Data block Block Start

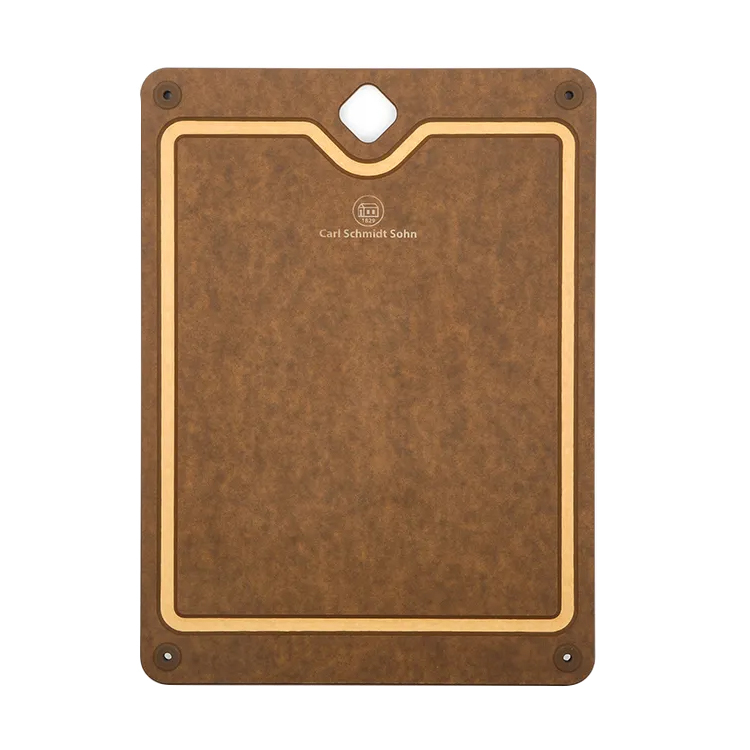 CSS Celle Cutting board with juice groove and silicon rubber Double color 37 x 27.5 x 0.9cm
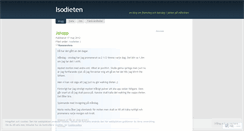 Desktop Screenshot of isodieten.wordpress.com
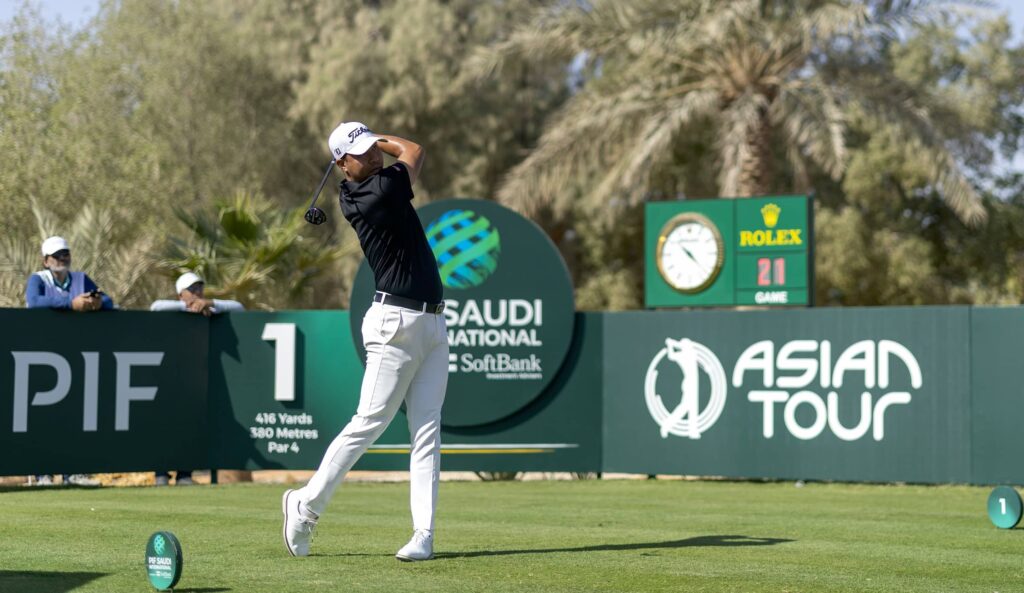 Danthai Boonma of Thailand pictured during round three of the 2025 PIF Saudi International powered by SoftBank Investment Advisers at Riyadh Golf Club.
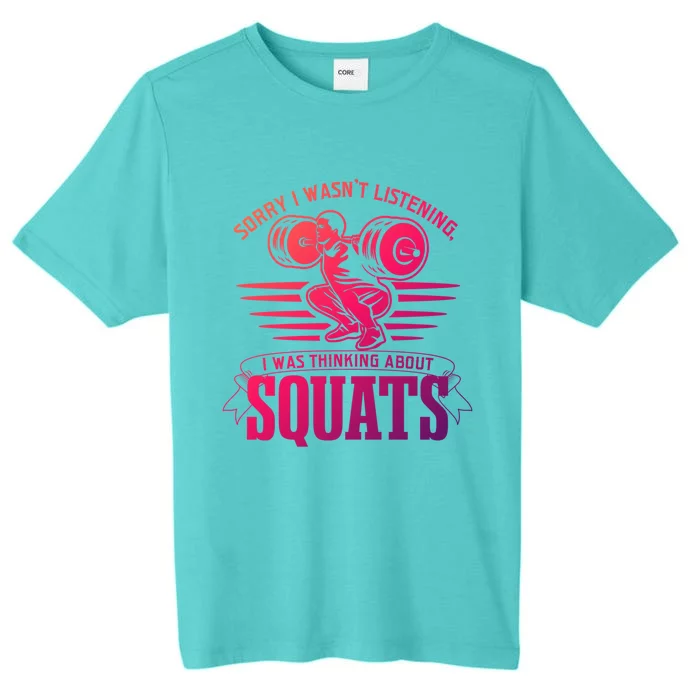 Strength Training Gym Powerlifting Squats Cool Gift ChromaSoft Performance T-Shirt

Data block Block End

• **Your goal**
Transcribe all of the data above verbatim but omit every picture.

• **Solution for this problem**
 CSS Celle Cutting board with juice groove and silicon rubber Double color 37 x 27.5 x 0.9cm
 Desktop Screenshot of isodieten.wordpress.com
 Danthai Boonma of Thailand pictured during round three of the 2025 PIF Saudi International powered by SoftBank Investment Advisers at Riyadh Golf Club.
 Strength Training Gym Powerlifting Squats Cool Gift ChromaSoft Performance T-Shirt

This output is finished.